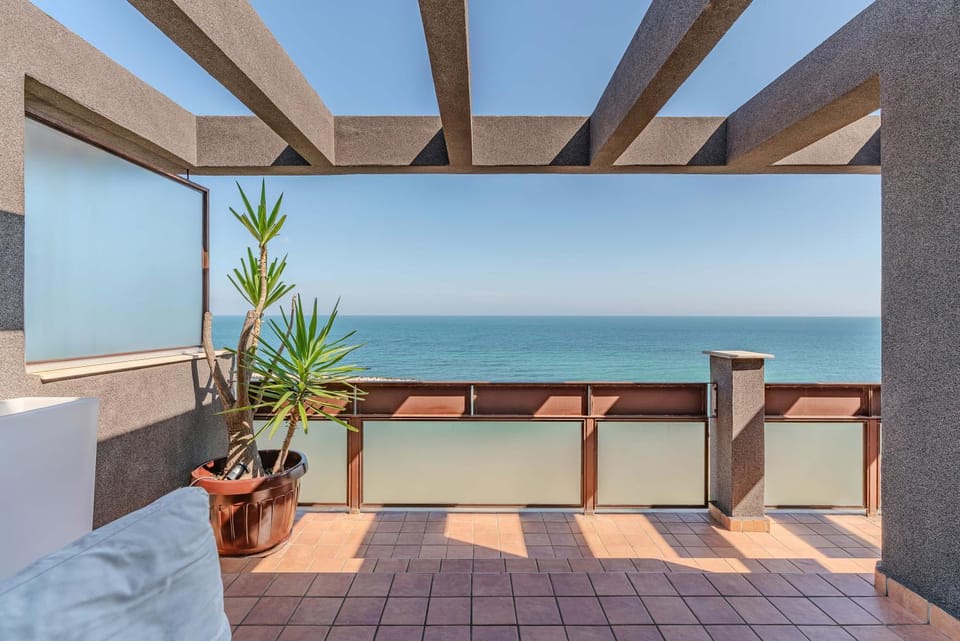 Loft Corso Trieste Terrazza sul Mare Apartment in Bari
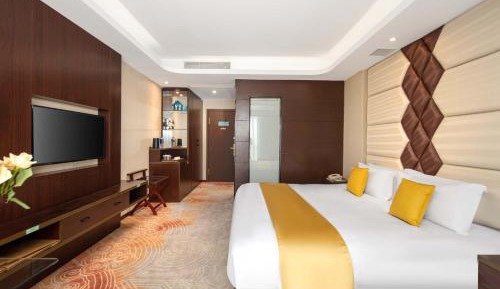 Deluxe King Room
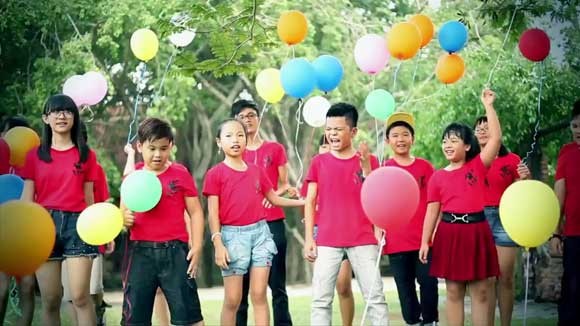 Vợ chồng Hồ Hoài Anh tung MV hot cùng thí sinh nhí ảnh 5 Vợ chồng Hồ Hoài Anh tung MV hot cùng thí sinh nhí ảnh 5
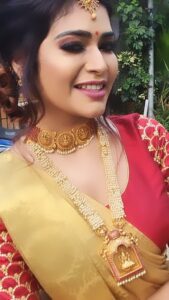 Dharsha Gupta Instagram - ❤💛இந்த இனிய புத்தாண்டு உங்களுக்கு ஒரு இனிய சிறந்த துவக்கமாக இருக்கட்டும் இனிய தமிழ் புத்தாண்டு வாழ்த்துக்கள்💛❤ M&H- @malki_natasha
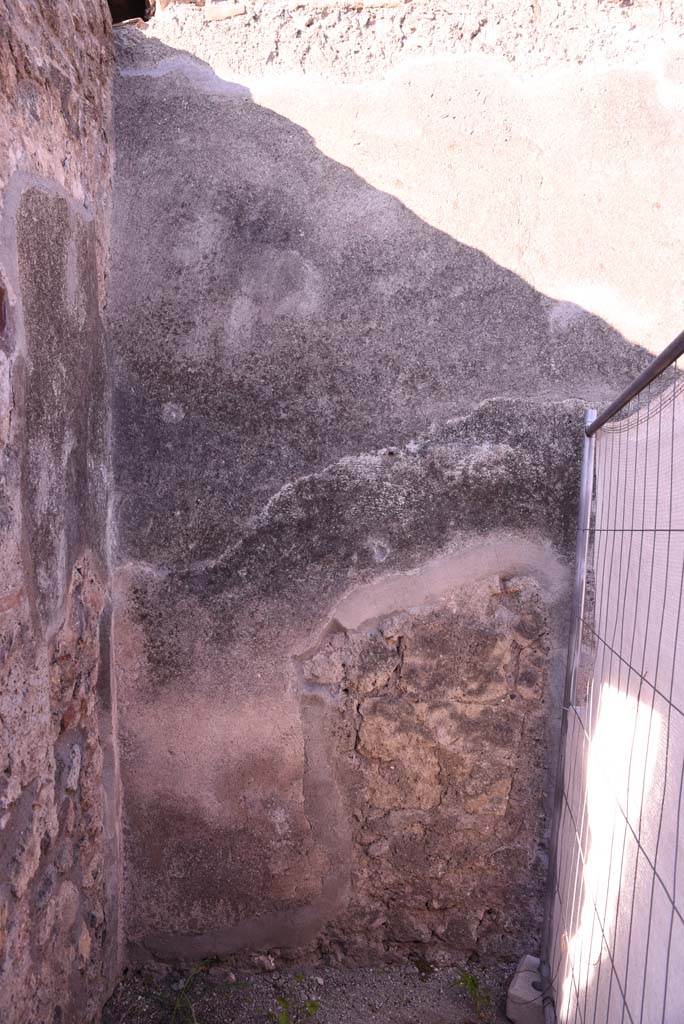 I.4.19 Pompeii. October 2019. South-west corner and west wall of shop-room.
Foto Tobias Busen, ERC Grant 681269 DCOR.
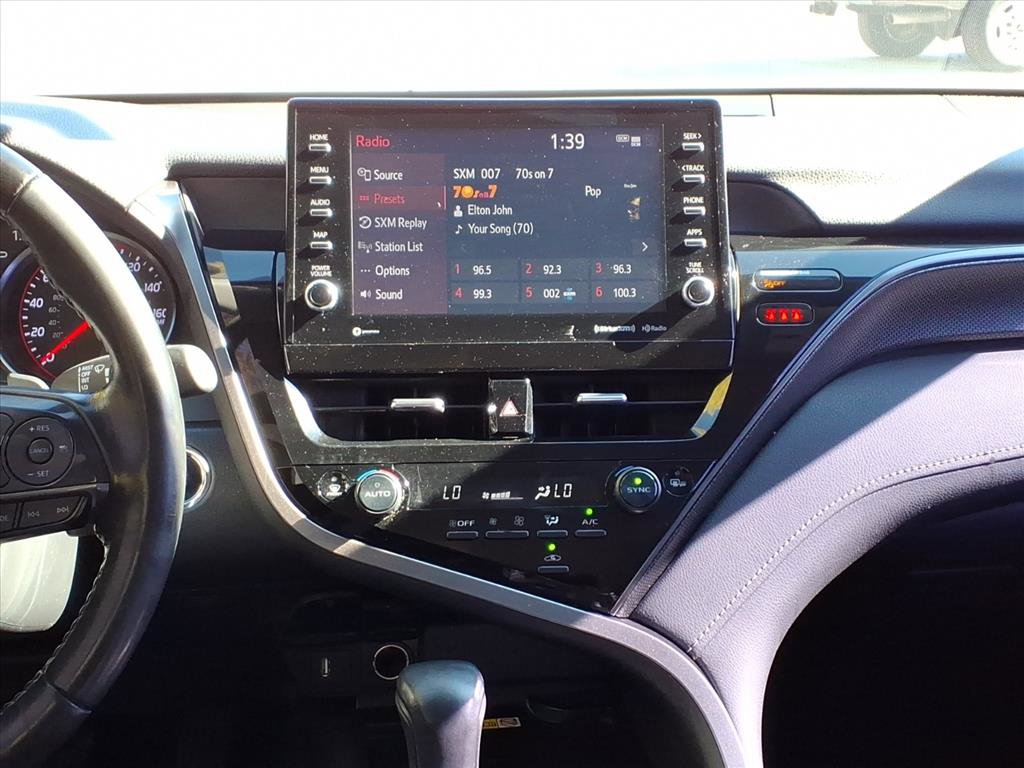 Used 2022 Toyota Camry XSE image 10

◆ Activity ◆
Please repeat each line above exactly as it appears, but omit the pictures.

◆ Your solution ◆
 Loft Corso Trieste Terrazza sul Mare Apartment in Bari
 Deluxe King Room
 Vợ chồng Hồ Hoài Anh tung MV hot cùng thí sinh nhí ảnh 5 Vợ chồng Hồ Hoài Anh tung MV hot cùng thí sinh nhí ảnh 5
 Dharsha Gupta Instagram - ❤💛இந்த இனிய புத்தாண்டு உங்களுக்கு ஒரு இனிய சிறந்த துவக்கமாக இருக்கட்டும் இனிய தமிழ் புத்தாண்டு வாழ்த்துக்கள்💛❤ M&H- @malki_natasha
 I.4.19 Pompeii. October 2019. South-west corner and west wall of shop-room.
Foto Tobias Busen, ERC Grant 681269 DCOR.
 Used 2022 Toyota Camry XSE image 10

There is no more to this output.